Apples Erfindung war aus der Not geboren. Die Kalifornier verkauften Millionen ihrer Musikspieler, ihrer iPods, fürchteten aber das Abdriften in die Bedeutungslosigkeit, weil immer mehr Handys auch Musik abspielen konnten. Monate verbrachten Apple-Boss Steve Jobs und seine Entwickler damit, ein Gerät zu erschaffen, das sich so spielerisch bedienen ließ wie ein iPod, mit dem man aber auch telefonieren und im Internet surfen konnte. Heraus kam ein Telefon, das nur eine runde Taste hatte und ansonsten einen großen berührungsempfindlichen Bildschirm. Ein Minicomputer für die Hosentasche, der all das konnte, was ein modernes Handy eben auch zu leisten vermochte, aber die von Apple gewohnte intuitive Bedienbarkeit mitbrachte – und dabei auch noch schick aussah.

Das Smartphone wurde ein Erfolgsmodell. „Den Prognosen zufolge sind in diesem Jahr bereits 70 Prozent aller in Deutschland verkauften Mobiltelefone Smartphones“, vermeldete der Bitkom im August. Und die Lobby-Organisation der deutschen IT-Branche geht davon aus, dass bereits in zwei Jahren das klassische Standard-Handy weitgehend vom Markt verschwunden sein wird. Maximal zehn Prozent Marktanteil – mehr nicht – wird dem mobilen Tastentelefon 2014 noch eingeräumt.
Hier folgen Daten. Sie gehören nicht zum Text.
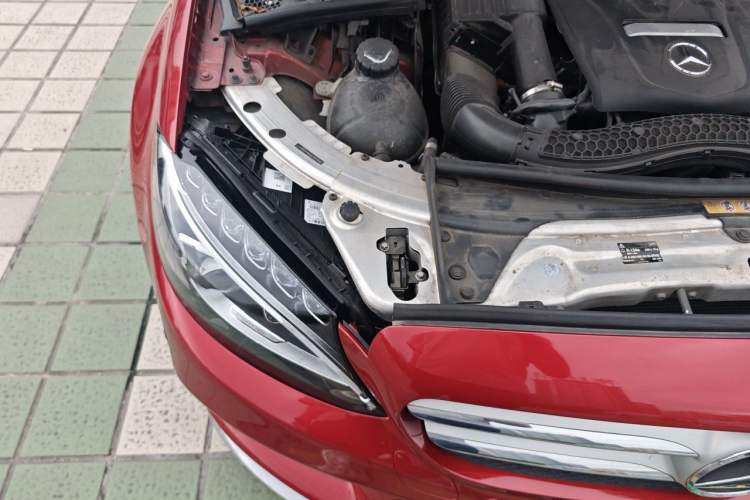 Used Mercedes-Benz C-Class 2018 C 180 L Fashion Edition Sport Version Engine Bay Right
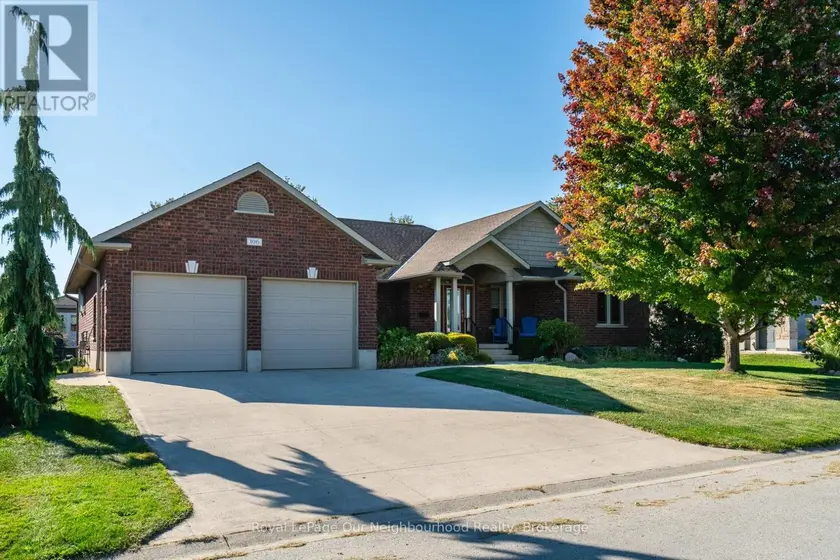 Detached at 106 12TH AVENUE A, Hanover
Den Zündschlüssel als Flirtfaktor abgelöst

Allein in diesem Jahr, so schätzt der Bitkom, werden die Menschen in Deutschland 22,9 Millionen Smartphones kaufen, ein Anstieg um 43 Prozent gegenüber dem Vorjahr. Weltweit könnten es fast 700 Millionen sein. Inzwischen besitzen 38 Prozent aller Bundesbürger ab 14 Jahren ein solches Mobiltelefon. Und die Kunden sind bereit, dafür richtig Geld in die Hand zu nehmen. Das durchschnittliche Smartphone kostet derzeit 342 Euro. Das neueste iPhone, Version 5, und das brandaktuelle Samsung Galaxy S III sind sogar noch deutlich teurer – das macht die Handy-Alleskönner auch zu Statussymbolen.
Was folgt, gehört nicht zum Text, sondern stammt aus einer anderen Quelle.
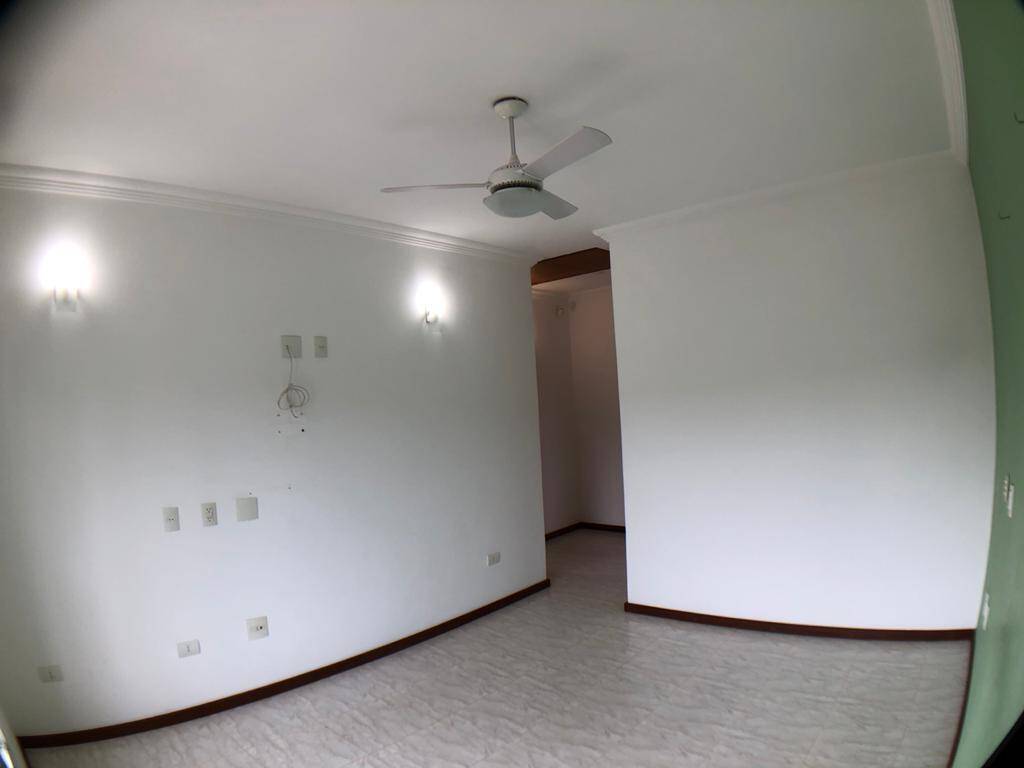 Casa de Condomínio à venda com 4 quartos, 360m² - Foto 22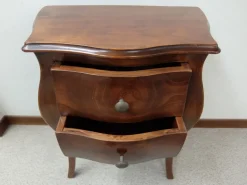 Comodino Bombato di Fratelli mirandola a prezzo scontato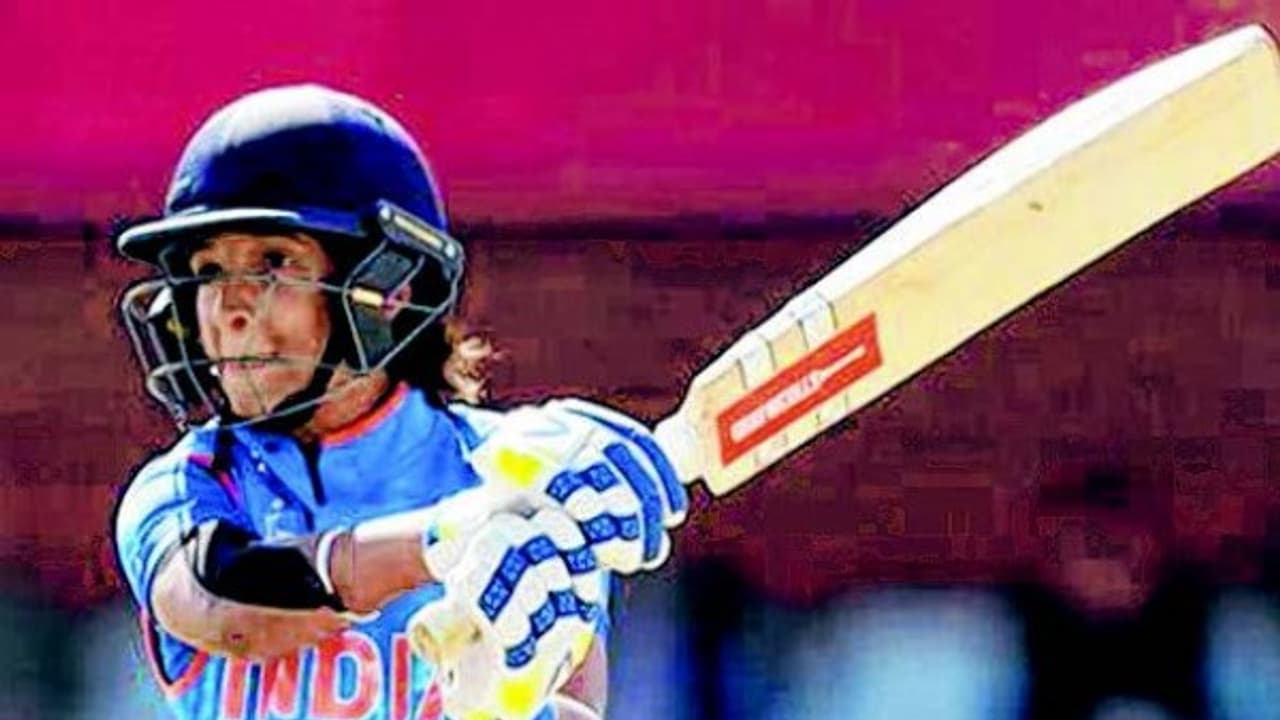 சிறந்த பேட்ஸ் உமனுக்கான விருதை வென்றார் இந்தியாவின் ஹர்மன்பிரீத் கௌர்... சிறந்த பேட்ஸ் உமனுக்கான விருதை வென்றார் இந்தியாவின் ஹர்மன்பிரீத் கௌர்...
Die wichtigsten Smartphone-Funktionen
Die wichtigsten Smartphone-Funktionen © Miriam Fischer

Vor allem im Leben junger Menschen: Smartphones und die mit ihnen verwandten Tablet-Computer haben den Zündschlüssel als Flirtfaktor bereits abgelöst. Glaubt man einer Studie des zum Autobauer BMW gehörenden ifmo-Instituts, gilt das Automobil zwar immer noch als Statussymbol, aber „in den letzten Jahren haben neue Symbole des expressiven Konsums an Bedeutung gewonnen, die neben dem Auto für die Stilisierung der eigenen Person eingesetzt werden“. Zeig mir Dein Smartphone und ich sag Dir, wer Du bist. Auch verliert das Auto an Bedeutung, weil junge Menschen nicht mehr von A nach B fahren müssen, um Freunde zu treffen. Das geht ja jetzt auch online, im sozialen Netzwerk oder per Videotelefonie – und das sogar von unterwegs, mit dem Smartphone.

Im vergangenen Jahr luden Deutsche fast eine Milliarde Apps herunter 

Facebook, der Kurznachrichtendienst Twitter, das Videoportal YouTube, sie alle haben zum Erfolg des Multimedia-Handys beigetragen. Für jede dieser Internet-Plattformen gibt es eine Minisoftware fürs Smartphone, eine App. Mehr noch: Mit den kleinen Programmen lässt sich der Busfahrplan checken, sie wissen, wo das nächste freie Taxi steht und rufen es herbei, zeigen uns, wo der nächste gute Italiener zu finden ist und leiten uns, wenn nötig, auch noch mit Navigations-Software dahin. Oder sie helfen dabei, unsere Fotos aufzupeppen und sie danach mit unseren Freunden online zu teilen. Ein Markt im Markt: Über eine Million Smartphone-Programme sind mittlerweile weltweit verfügbar – in den Online-Shops der Handy-Hersteller genauso wie auf Webseiten im Internet. Im vergangenen Jahr luden Nutzer in Deutschland fast eine Milliarde Apps herunter, eine Verdreifachung gegenüber dem Vorjahr. 210 Millionen Euro wurden damit umgesetzt, das sind 123 Prozent mehr als noch ein Jahr davor. Glaubt man IT-Analysten, steht die Entwicklung dieser kleinen Helferlein erst am Anfang. Und die der Smartphones sowieso: Schon heute erkennen moderne Geräte wie das Samsung Galaxy, ob der Nutzer auf den Bildschirm schaut oder ob er die Augen geschlossen hat. Ist letzteres der Fall, schaltet der Bildschirm ab, spart ja Energie im Akku.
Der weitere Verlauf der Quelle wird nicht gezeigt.